*WORK INSTRUCTIONS*: An exact restatement is required. Cover only the lines of the records from the first through the line with "Legrand - Placca 4 posti NILOE bianca", and skip pictures.

*Short descriptive text snippets*:
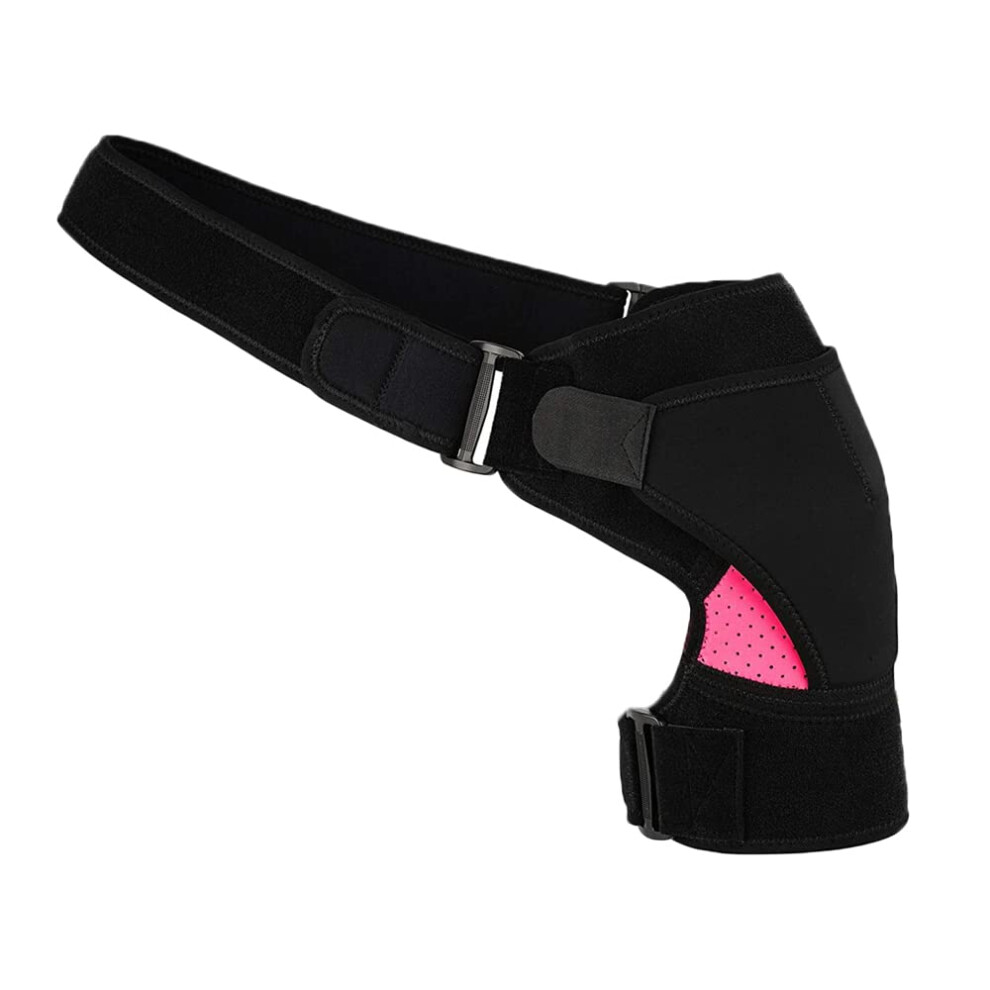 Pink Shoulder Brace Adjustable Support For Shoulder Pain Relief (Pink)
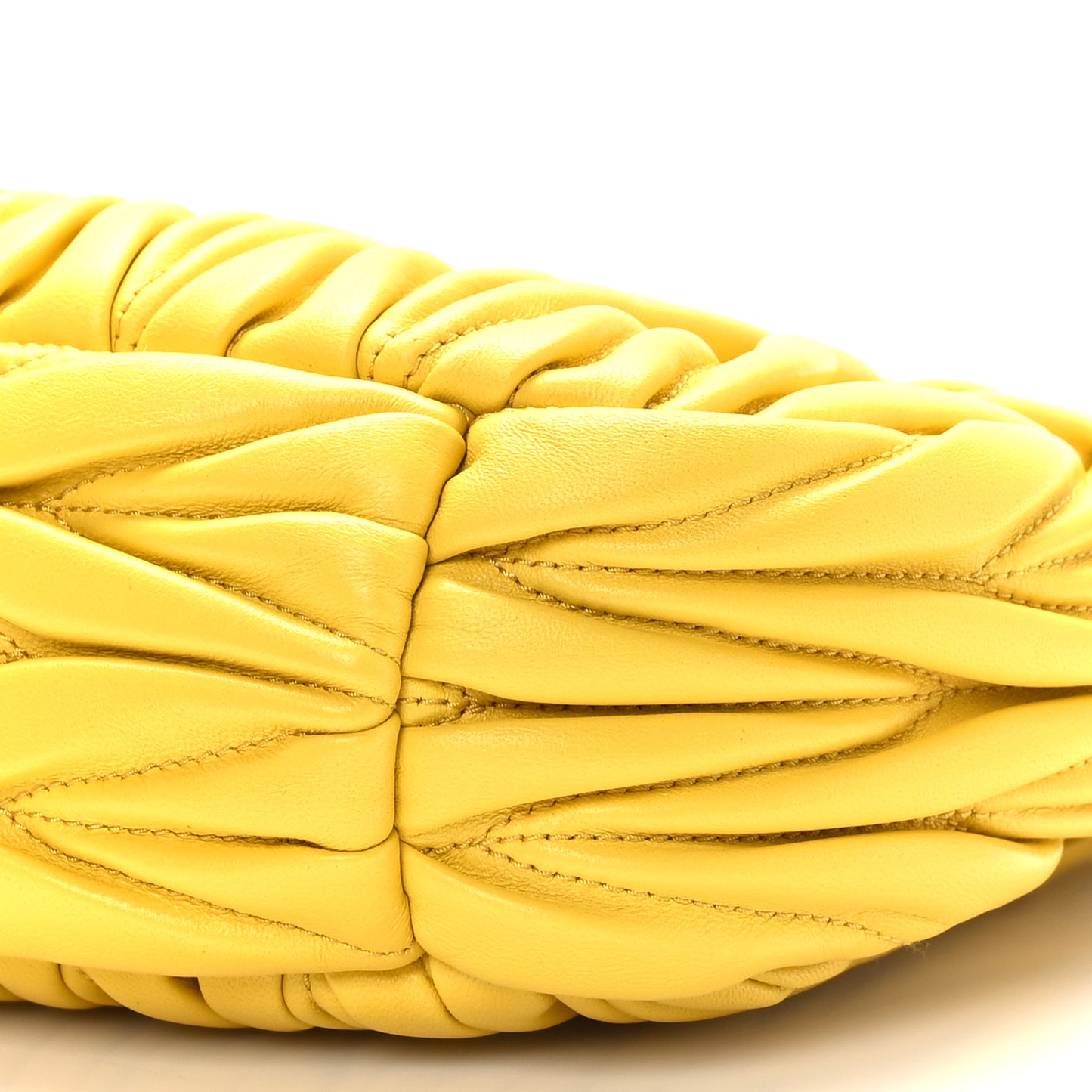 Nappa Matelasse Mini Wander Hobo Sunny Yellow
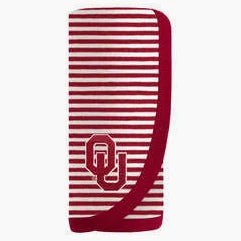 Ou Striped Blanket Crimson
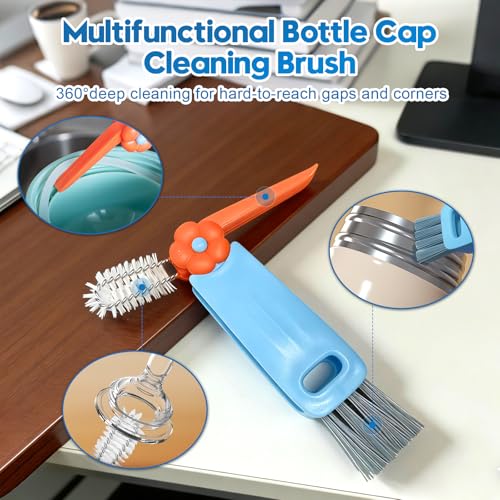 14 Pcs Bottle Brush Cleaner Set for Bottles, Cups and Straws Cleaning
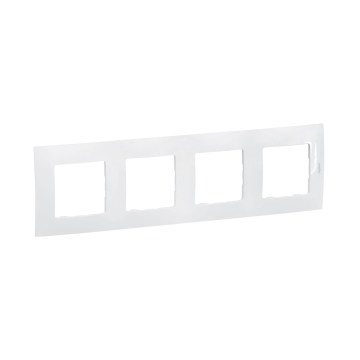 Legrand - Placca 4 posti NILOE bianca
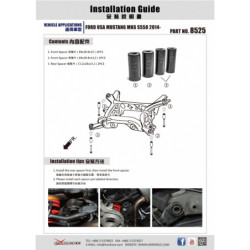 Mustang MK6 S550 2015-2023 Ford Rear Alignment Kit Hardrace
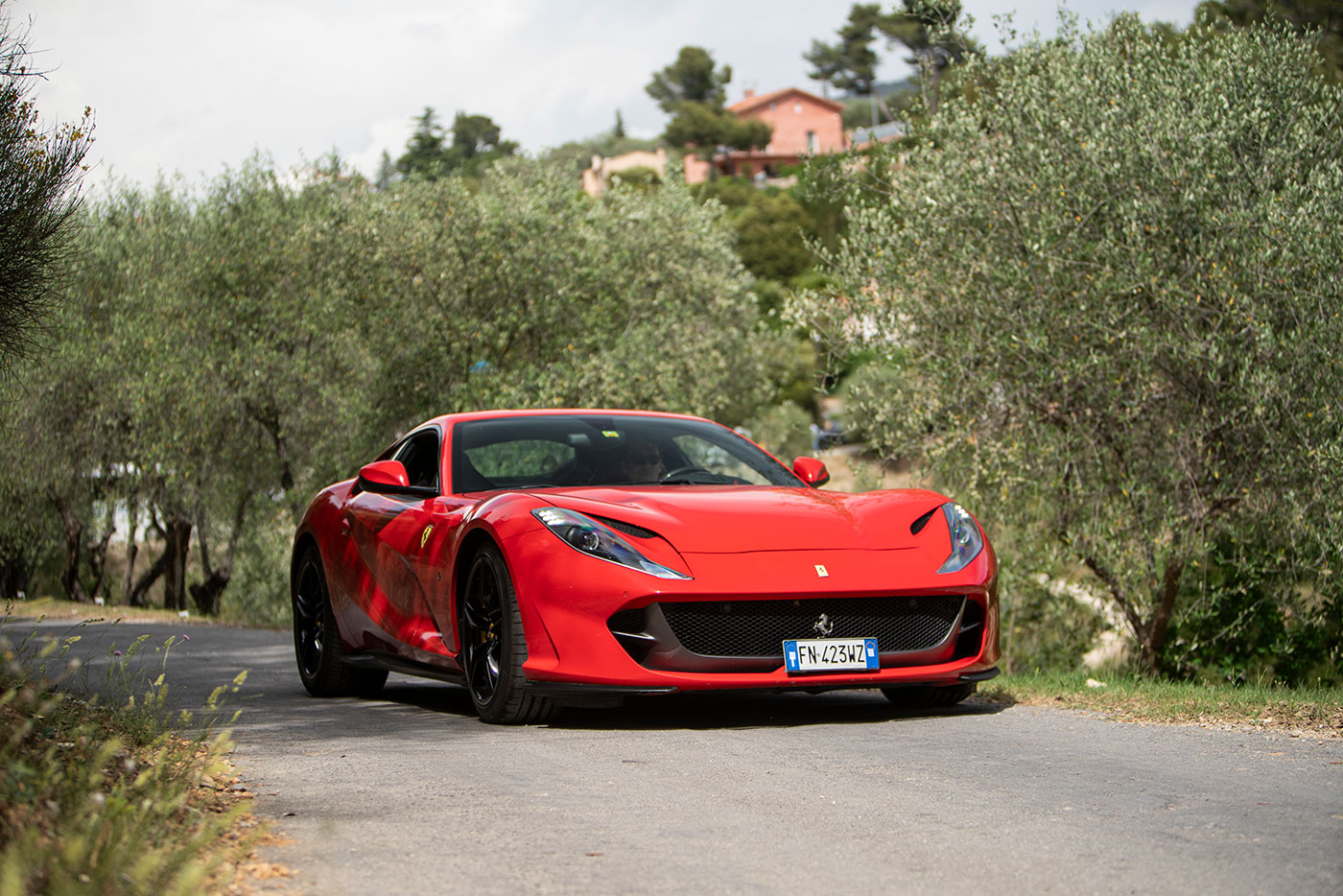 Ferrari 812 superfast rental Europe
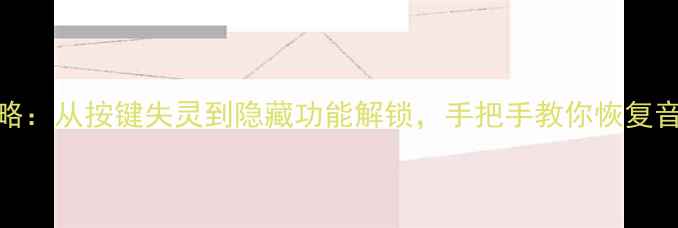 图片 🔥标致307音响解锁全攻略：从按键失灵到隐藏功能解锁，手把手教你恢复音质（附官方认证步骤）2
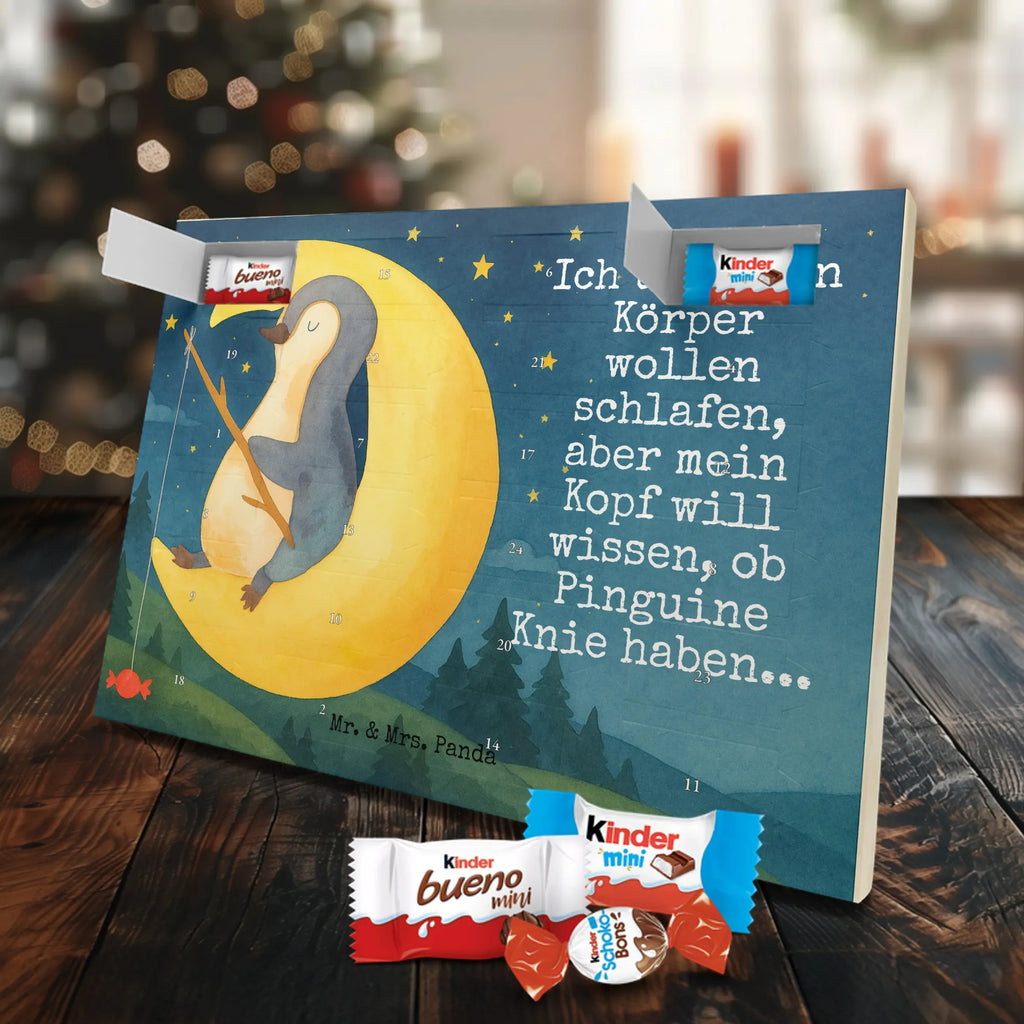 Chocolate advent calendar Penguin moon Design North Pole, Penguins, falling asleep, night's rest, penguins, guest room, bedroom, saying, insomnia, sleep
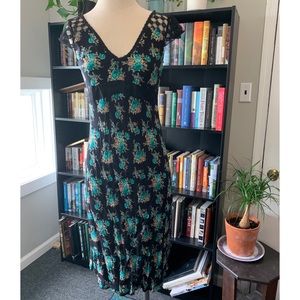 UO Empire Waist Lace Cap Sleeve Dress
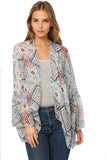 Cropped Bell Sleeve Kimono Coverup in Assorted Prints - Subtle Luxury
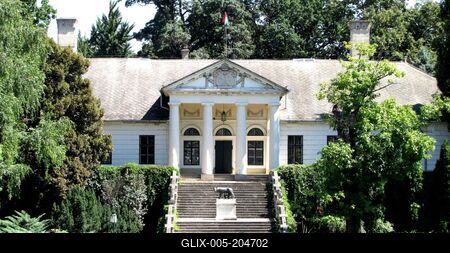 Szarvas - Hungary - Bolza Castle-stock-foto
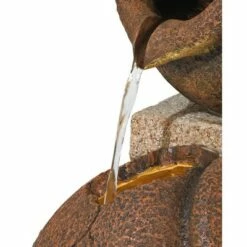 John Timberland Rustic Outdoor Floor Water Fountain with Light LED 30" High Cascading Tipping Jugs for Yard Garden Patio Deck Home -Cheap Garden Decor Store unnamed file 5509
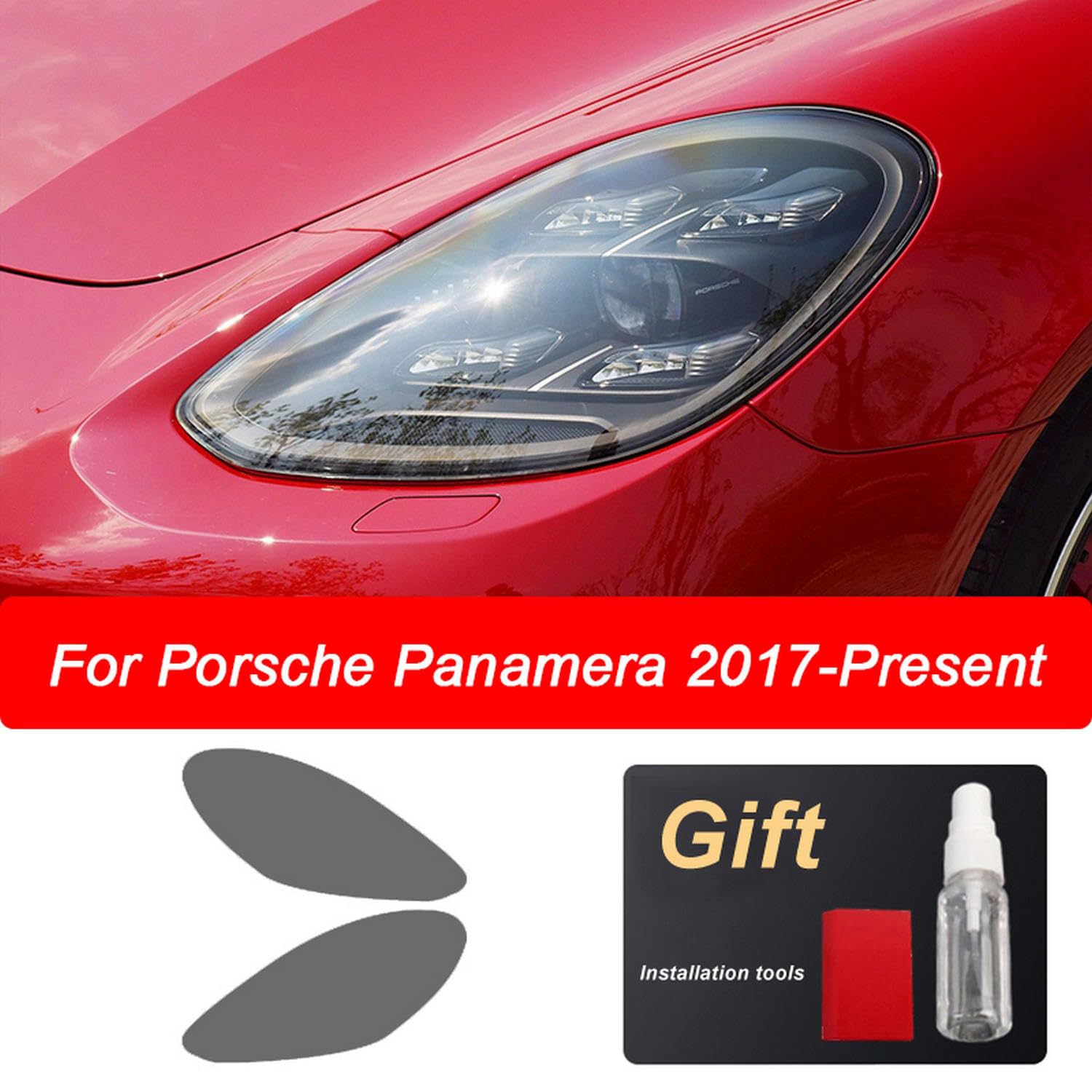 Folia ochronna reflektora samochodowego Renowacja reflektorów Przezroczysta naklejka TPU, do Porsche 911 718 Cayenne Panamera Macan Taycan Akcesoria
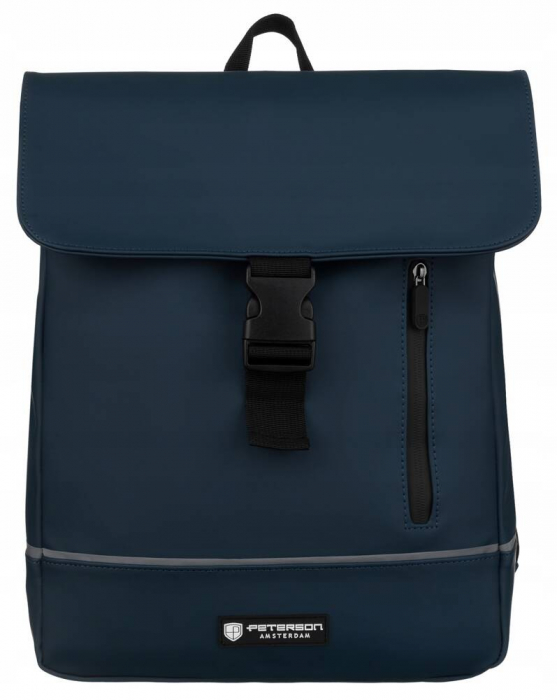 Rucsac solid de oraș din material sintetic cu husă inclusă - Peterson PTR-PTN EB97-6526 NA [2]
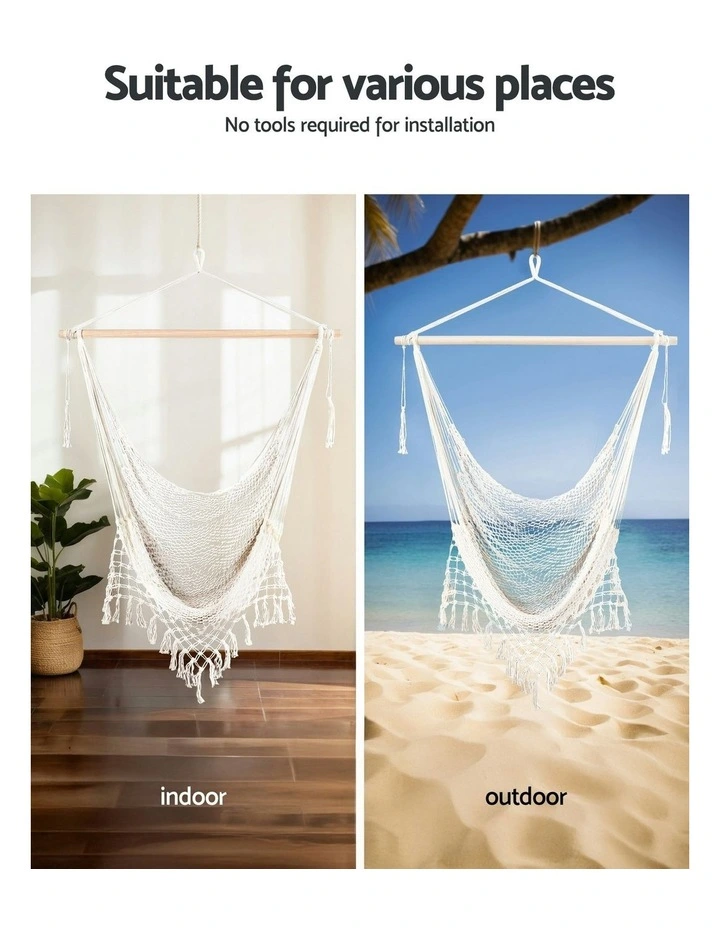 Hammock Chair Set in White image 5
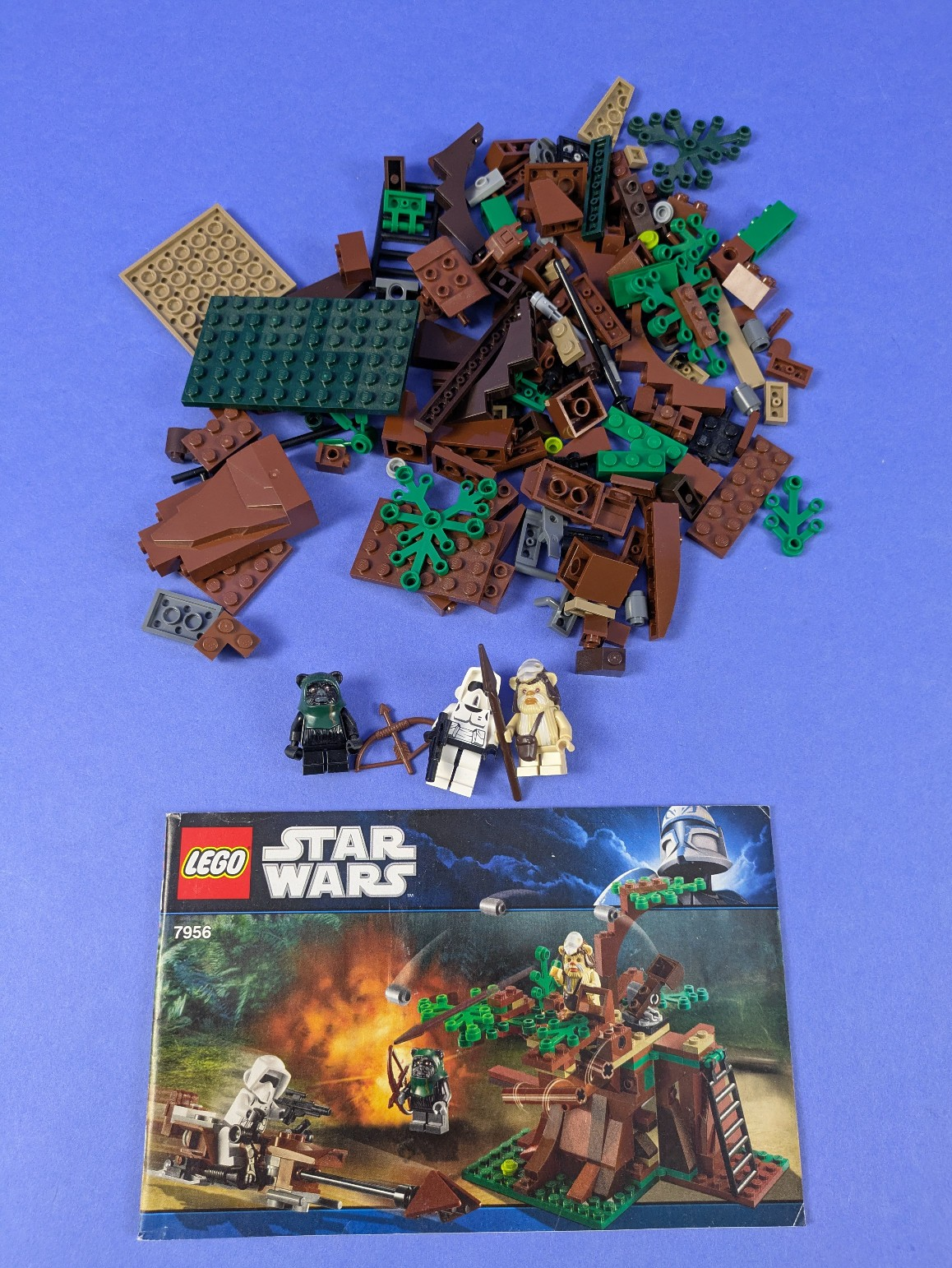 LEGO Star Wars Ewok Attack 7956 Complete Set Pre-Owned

*REPLY TO THE EXERCISE*:
 Pink Shoulder Brace Adjustable Support For Shoulder Pain Relief (Pink)
 Nappa Matelasse Mini Wander Hobo Sunny Yellow
 Ou Striped Blanket Crimson
 14 Pcs Bottle Brush Cleaner Set for Bottles, Cups and Straws Cleaning
 Legrand - Placca 4 posti NILOE bianca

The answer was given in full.